I don't like these auto-attendent systems either-I am a person--not Mr.Machine.Its time to bring LIVE attendents back-Maybe-just Maybe that will improve company images.-and make it easier for customers and clients to communicate.Most of the time I wait for a live operator to answer.Many time the "voice recognition" systems don't work-scrap that.The buttons on the phone work better.I love it when companies brag about when they have "improved" their auto systems-you try top use it and its WORSE!!
 
Designgeek, yes, I've been in the wireless industry for nearly 30 years. And yes, I do possess an old 1940's black, rotary dial telephone, and yes it still sounds better than my cell or my electronic home phone. The voice compressions in cell phones to which you refer, are also buried in the software of a vocoder. Don't you just hate talking to someone who is phoning from a crowded, noisy bar?

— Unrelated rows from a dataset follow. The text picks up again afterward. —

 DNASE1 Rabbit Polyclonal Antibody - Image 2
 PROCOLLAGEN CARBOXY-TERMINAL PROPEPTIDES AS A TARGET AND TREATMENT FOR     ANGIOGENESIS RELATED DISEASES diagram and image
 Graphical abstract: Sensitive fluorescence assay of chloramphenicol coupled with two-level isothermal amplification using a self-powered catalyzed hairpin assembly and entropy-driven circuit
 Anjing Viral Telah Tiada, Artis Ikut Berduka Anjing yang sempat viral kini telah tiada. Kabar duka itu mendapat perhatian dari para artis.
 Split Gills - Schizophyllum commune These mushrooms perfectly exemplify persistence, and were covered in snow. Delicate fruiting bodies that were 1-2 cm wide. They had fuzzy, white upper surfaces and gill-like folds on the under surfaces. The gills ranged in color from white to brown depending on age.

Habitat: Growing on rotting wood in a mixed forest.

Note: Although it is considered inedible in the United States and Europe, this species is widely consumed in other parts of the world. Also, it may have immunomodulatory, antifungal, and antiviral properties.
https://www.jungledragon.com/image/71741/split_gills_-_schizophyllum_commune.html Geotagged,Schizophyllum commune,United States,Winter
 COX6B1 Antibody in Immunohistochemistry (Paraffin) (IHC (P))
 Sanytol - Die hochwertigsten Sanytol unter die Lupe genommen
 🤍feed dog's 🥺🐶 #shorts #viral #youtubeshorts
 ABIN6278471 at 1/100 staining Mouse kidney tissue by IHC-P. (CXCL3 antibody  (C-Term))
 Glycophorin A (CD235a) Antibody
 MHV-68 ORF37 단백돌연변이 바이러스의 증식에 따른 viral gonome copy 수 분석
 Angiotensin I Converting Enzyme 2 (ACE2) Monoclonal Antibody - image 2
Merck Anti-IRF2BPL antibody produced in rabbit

Two other vocoder software actions are the Sound Operated Noise Attenuating Device (SONAD) which mutes the recieve path when there is no voice, and the Voice Operated Gain Adjusting Device, which keeps the transmit level constant for different landline side voice loudness characteristics. The action of these two devices is normally a good thing, but in modern cell phone technology, they sometimes causes your conversation to sound like a simplex communication.(only one person can talk at a time, similar to a speaker phone) This is especially true of coversations which have a high level of background noise.

Before there was cellular, there was IMTS. A non-cellular, analog, system. It sounded better. Go figure!